Current and Future Research to Improve the Outcomes of Patients with Anal Cancer
In the inaugural event of the Global Cancer Movement, initiated by OncoDaily, Rachel Riechelmann delves into the innovative advancements in anal cancer treatment, addressing its growing global burden. This impactful session explores cutting-edge strategies and highlights the transformative role of research and precision care in improving patient outcomes.
Rachel Riechelmann begins by addressing the global audience and introducing their topic: advancements and challenges in the treatment of anal cancer. They emphasize that anal cancer is rare, accounting for less than 3% of gastrointestinal cancers, with approximately 50,000 new cases and 20,000 deaths globally in 2020. Its incidence is rising, particularly among HIV-positive individuals.
The primary risk factor is HPV infection, present in 90% of cases, along with other immunosuppressive conditions such as organ transplants or autoimmune diseases. Due to the high prevalence of HIV among anal cancer patients, routine HIV testing is recommended, especially in regions like Latin America, where prevalence rates range from 10% to 25%.
The mainstay of anal cancer treatment is chemoradiation, with options including mitomycin or cisplatin combined with fluoropyrimidines like 5-FU or capecitabine. Mitomycin’s limited availability in certain regions, such as Brazil, often necessitates the use of cisplatin-based regimens.
Cure rates for chemoradiation are high (80–90%), though approximately 20% of patients experience recurrence, metastasis, or persistent disease. For such cases, salvage treatment involving aggressive surgical interventions like abdominoperineal amputation may be employed, offering potential curative outcomes despite the procedure’s invasiveness.
Efforts to improve treatment outcomes include investigating reduced-intensity therapies for early-stage tumors.

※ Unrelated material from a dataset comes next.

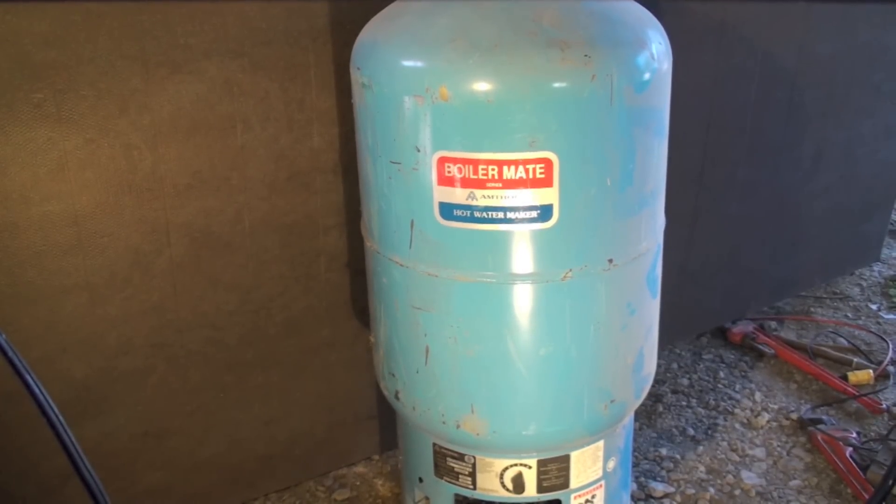What is this thing? It's a hot water maker — a hot water tank designed for use with a boiler. You take the hot water that comes off the boiler and run it through this unit to heat domestic hot water. It doesn't actually exchange water with the boiler, because boiler water should never leave the boiler, so there's a heat exchanger in the bottom of this thing.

Studies like DECREASE are exploring whether lower radiation doses can maintain efficacy while minimizing toxicity. Other approaches involve testing pre- and probiotics to enhance tolerability of chemoradiation, although randomized trials have not shown significant benefits in terms of response rates, adverse event reduction, or microbiome changes.
Immunotherapy is also being explored in combination with chemoradiation and as a second-line treatment for metastatic disease. Various trials are testing agents like durvalumab, atezolizumab, and retifanlimab, with mixed results. For instance, the Podium 303 phase III trial showed improved progression-free survival (PFS) with retifanlimab plus carboplatin and paclitaxel, although overall survival data remain immature. Retifanlimab is anticipated to become a new standard for anal cancer treatment pending regulatory approval.

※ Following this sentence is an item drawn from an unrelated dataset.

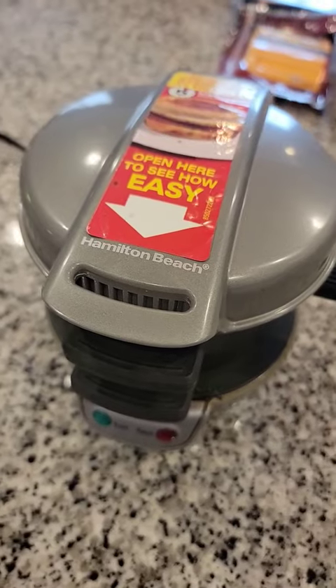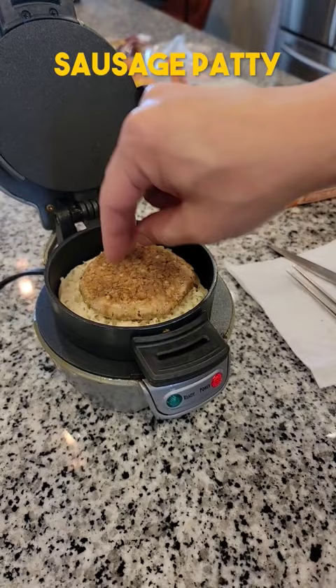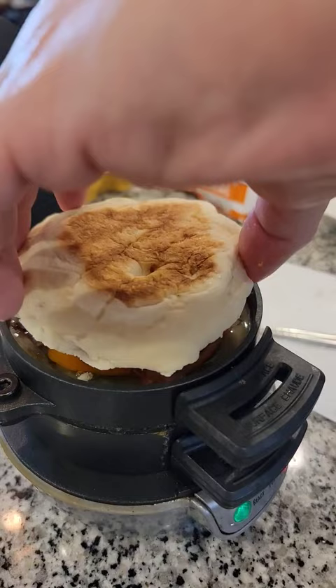We hosted a small breakfast and dusted off this egg sandwich maker that Mark has owned for years. When he first got this, he'd make me a sandwich before I headed into work. If you're a fan of McDonald's breakfast sandwiches, this might be a good purchase for you.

The speaker highlights the unique challenges faced by HIV-positive patients with anal cancer, including inferior disease-free and overall survival rates due to poorer tolerability of treatments like radiation. Notably, these patients often take longer to achieve complete response (median 7.8 months versus 4.8 months for HIV-negative patients). This delayed response underscores the importance of patience before pursuing salvage therapies.
The discussion shifts to rehabilitation, focusing on the long-term consequences of anal cancer treatment. While most patients are cured with chemoradiation, many experience significant side effects, such as sexual dysfunction and vaginal stenosis, particularly among women. These issues, linked to radiation-induced fibrosis, cause dyspareunia and other complications, highlighting the need for comprehensive post-treatment rehabilitation strategies.